October 25, 2013 – November 1, 2013
The summaries provided in this Weekly Recap do not necessarily represent the views of Squire Sanders (US) LLP and should not be deemed to be endorsements of them. The Recap is intended to be a compilation of articles and events to encourage discussion within the conflict minerals community and to keep our readers updated on the most recent developments.
Members of US Congress File Brief in Legal Challenge
This week, several members of Congress signed onto a “friend of the court” brief filed in the U.S. Court of Appeals for the D.C. Circuit. The members of Congress are siding with the SEC and defending the conflict minerals rule. One of the signatories to the brief, Representative Eliot Engel (D-N.Y.), stated, “We understand that implementing these rules is difficult and involves a new way of doing business for big companies. But we felt and continue to feel that those challenges are worth it to protect the human and labor rights of very vulnerable individuals in remote areas of the world, particularly the Democratic Republic of the Congo.”
The brief can be found here.
EU Law May Offer Advantages to Companies Who Source From DRC
In an interview with Voice of America, Judith Sargentini, a member of the European Parliament, hints that companies may find advantages within the EU conflict minerals law. “I think he [Karel de Gucht, European Commissioner for Trade] will suggest some sort of advantages for companies that continue trading in commodities from eastern Congo and make an effort to do this as transparently as possible. What it could be is to make the entry point into the EU easier – make it cheaper or make it faster,” says Sargentini.
Ms. Sargentini acknowledged that this is in response to some of the criticism that the U.S. conflict minerals rule is facing, where some experts believe that the rule created a de facto embargo. Ms. Sargentini elaborated, “[t]he Dodd Frank Act led to no trade, which makes people unemployed. That’s not what I’m looking for. EU legislation doesn’t have to follow the U.S.”
Global Advanced Metals Receives Conflict-Free Designation
For the fourth consecutive year, Global Advanced Metals Pty Ltd (“GAM”), a self-described leading producer of tantalum, has been certified as “conflict-free” through the EICC-GeSI Conflict Free Smelter Program.
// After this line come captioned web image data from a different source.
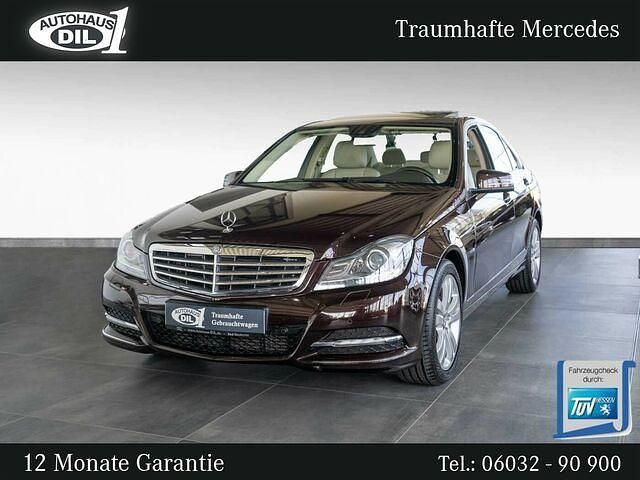 Gebraucht Mercedes C200 Elegance 184 PS (135 kW) 2011 Othercolor Limousine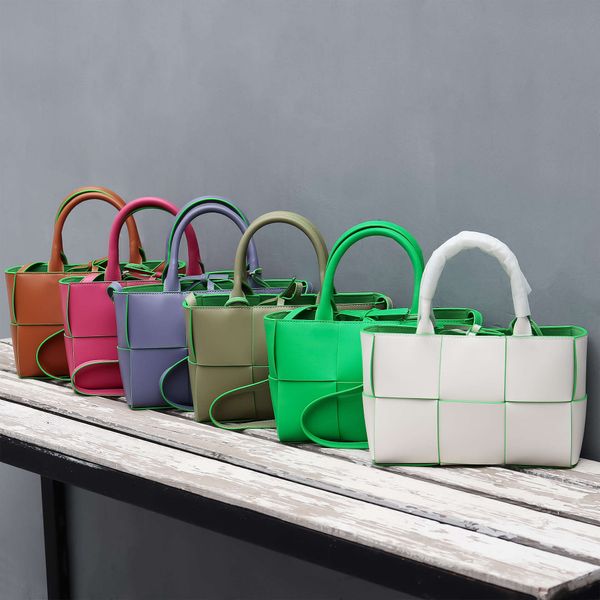 woven handbag large capacity leather shoulder bag mommy commuting tote bag color matching large grid mother bag crossbody bag
woven handbag large capacity leather shoulder bag mommy commuting tote bag color matching large grid mother bag crossbody bag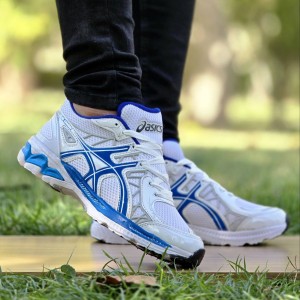 حراااج فوق العاده کفش اسپرت مردانه و پسرانه مدل اسیکس ترند و راحت رنگ مشکی سفید با ارسال رایگان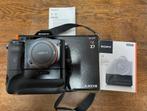 Sony A7R avec poignée de batterie verticale et 2 batteries, TV, Hi-fi & Vidéo, Appareils photo numériques, Enlèvement ou Envoi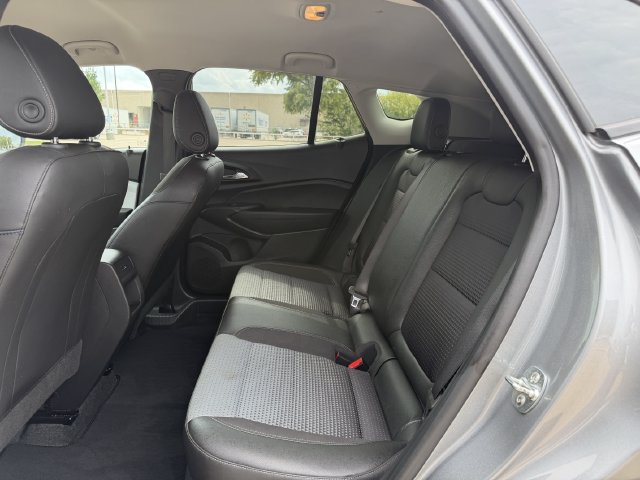 Used 2025 Chevrolet Trax LT w/ LT Convenience Package FWD image 26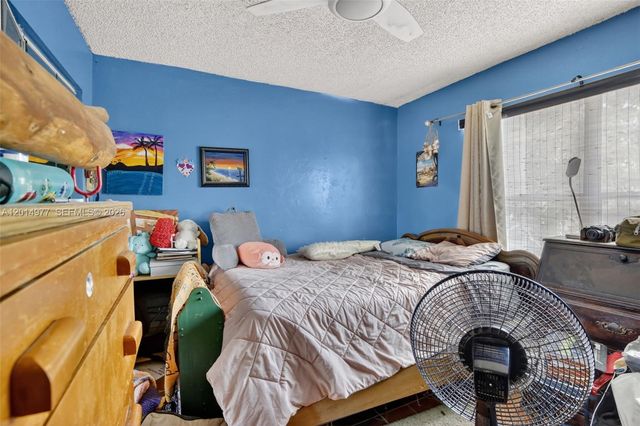 9131 NW 31st Pl, Sunrise, FL 33351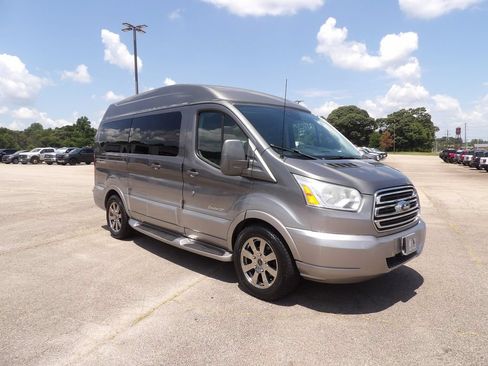 Used 2015 Ford Transit 150 130 Low Roof w/ Exterior Upgrade Package RWD image 2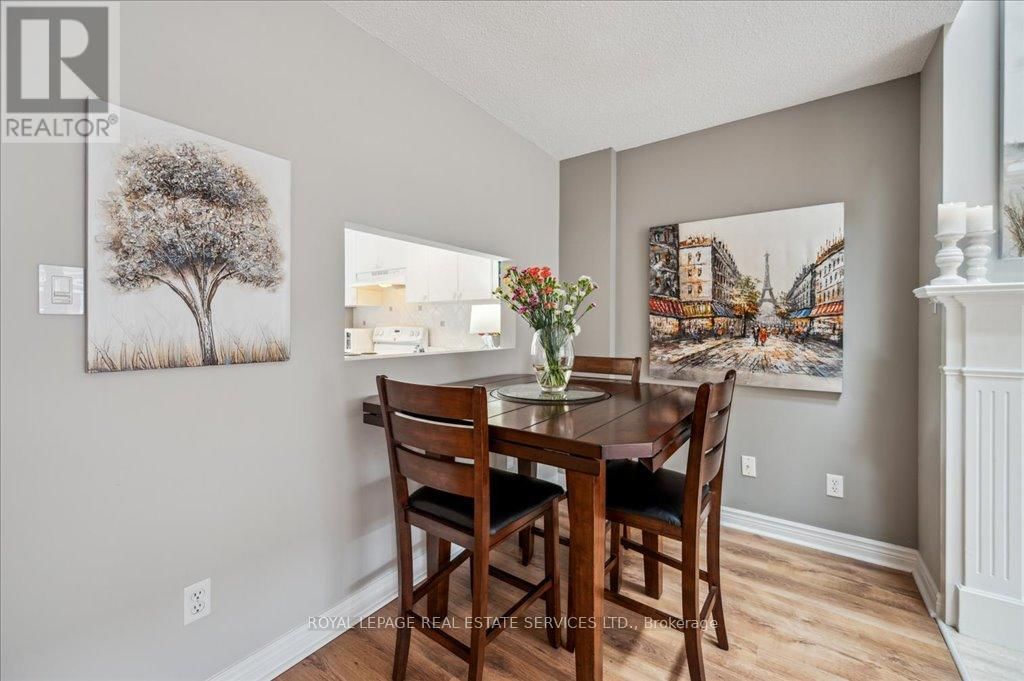 15 - 1275 MAPLE CROSSING BOULEVARD Image 11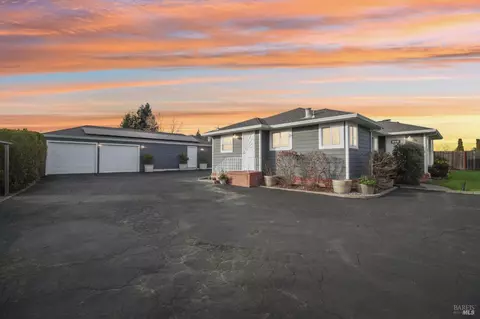 5867 Old Redwood Hwy, Penngrove, CA 94951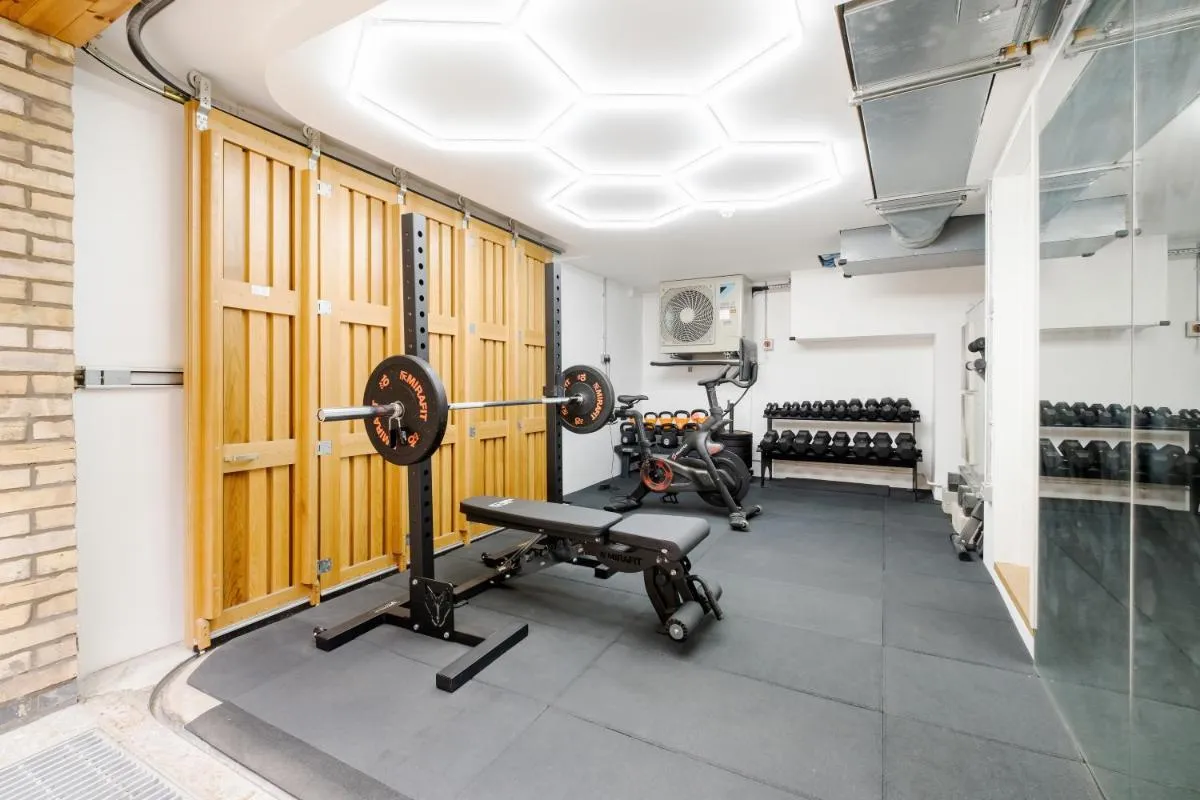 Image 5 of Luxury Central Mayfair Townhouse with A/C 3BR 3BA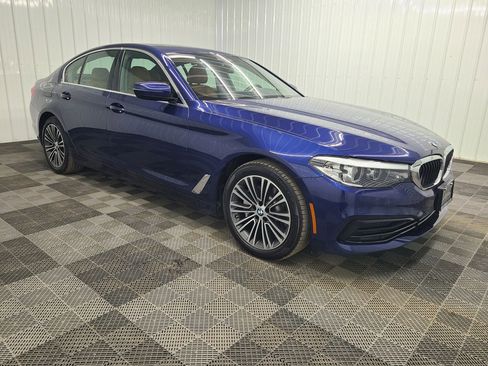 Used 2019 BMW 530i xDrive 530i xDrive Sedan 4D w/ Convenience Package image 4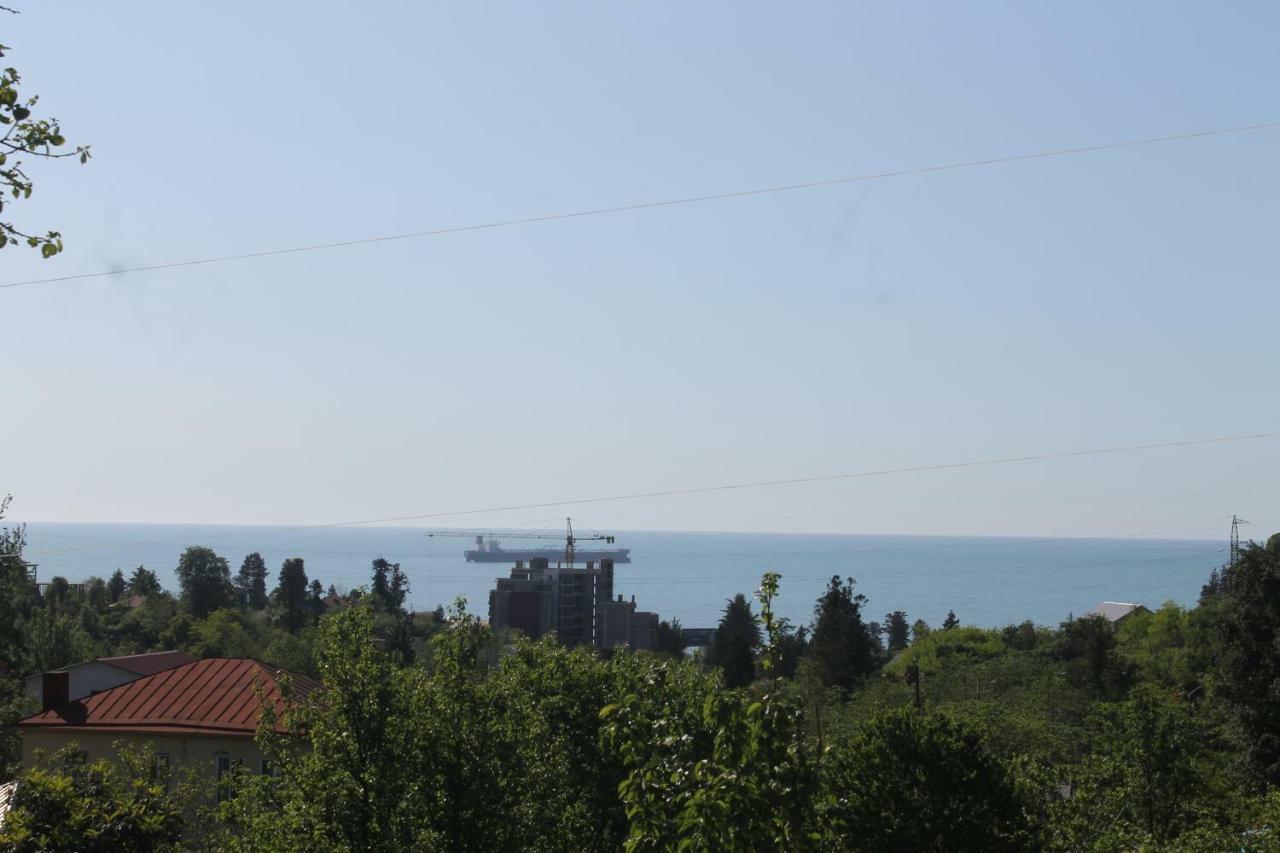 Apartment Murad Батуми Екстериор снимка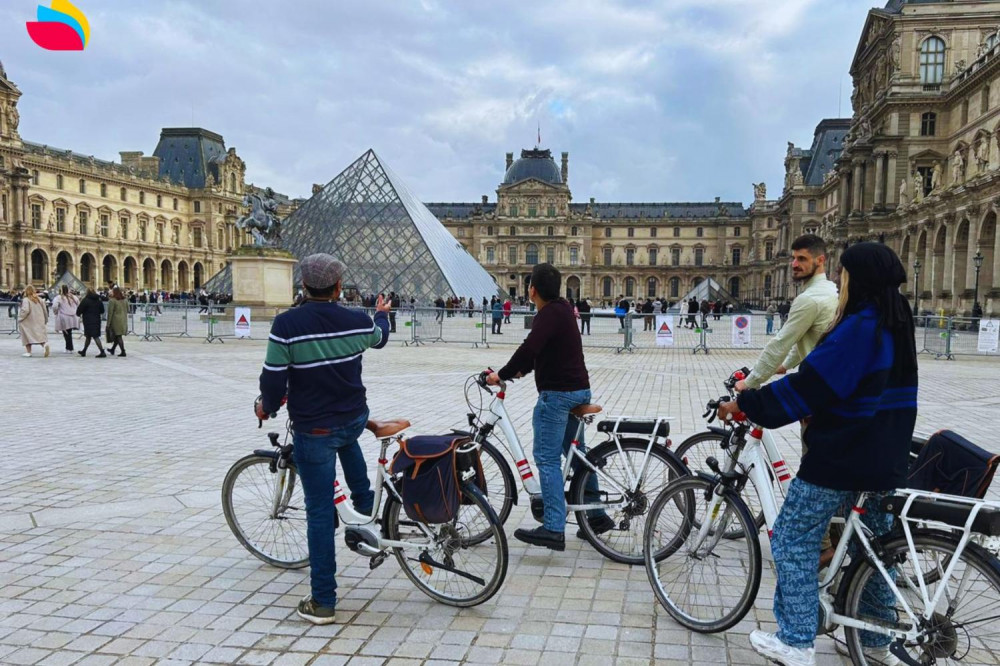 Private Guided Bike Tour of Paris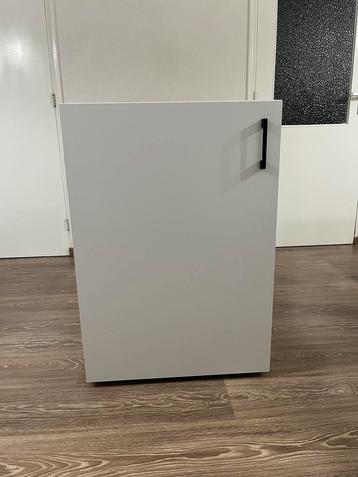 Boven sn onder kasten beschikbaar voor biedingen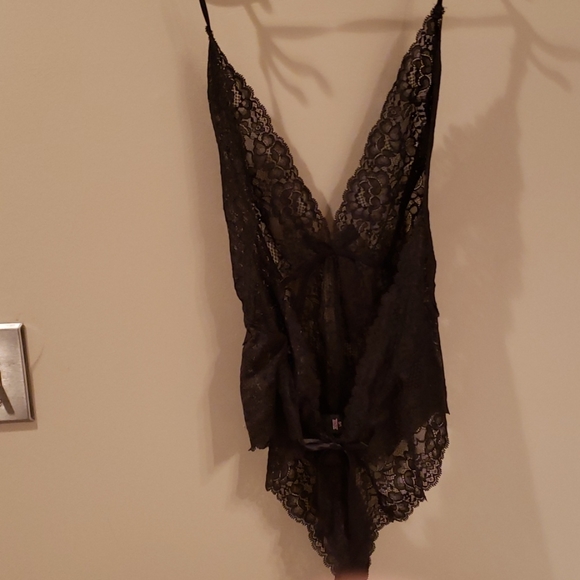 Longerai Victoria Secret - Picture 3 of 5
Jean-Paul Meutcheho, GAM Director of Corporate Sustainability – Conflict Minerals stated, “GAM’s due diligence efforts cover the supply chain from the mine to our facilities, and this certification reaffirms our commitment that the tantalum sold to our customers is sourced responsibly.”
According to the press release, GAM is the first smelter of any metal to be certified conflict-free in four consecutive years.
On a side note, as of October 31, 2013, there has yet to be an EICC-GeSI certified conflict-free tungsten smelter.